Digital assets – which include text messages, computers, online accounts, files on your phone, or any files stored on the internet that you own, are a legacy of your life, and may be valuable assets. How they are handled following the death of their owner is a rapidly developing area of estate planning law.
Damage and Theft
Earlier this week, a news story out of Virginia recounted the tale of a family who has been barraged by emails from their dead mother’s Yahoo! email account since her passing two years ago. A hacker got into the deceased woman’s account and is using her address book to spam family members and friends. The family tried to get the account closed, but the hacker had already changed passwords and account presets. Yahoo! said they could not close the account until the family produces a death certificate.
Legacy and Reputation
So what can we do to plan for what happens to our digital assets once we’re no longer here? Putting all your digital asset information in your will is not a good idea, since a will becomes public record once it is probated. Plus, making frequent changes to a will every time a new account is added or a password is changed is unwieldy and expensive.

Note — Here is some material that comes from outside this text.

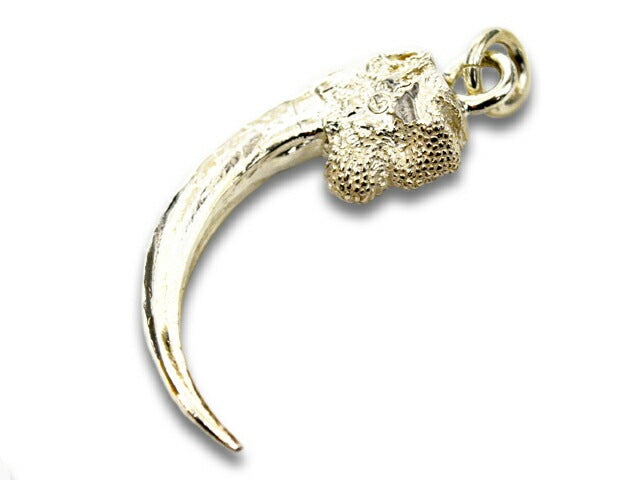 First Arrow’s Large Eagle Claw Pendant with Turquoise “Left” – P-024L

Drafting a separate document that lists all your digital assets in the form of a letter of instruction to your executor or agent is a better idea. You can provide instructions on which accounts should be deleted, which should be passed on, and so forth. This document should be kept with your other estate planning documents, but should probably not be passed on to family members until you’re gone.
Ownership and the Future
You also have the choice of setting up a revocable trust for your digital assets if you are so inclined, or use the services of an online digital asset afterlife provider that, often for a nominal fee, stores all your digital assets for you and your eventual heirs.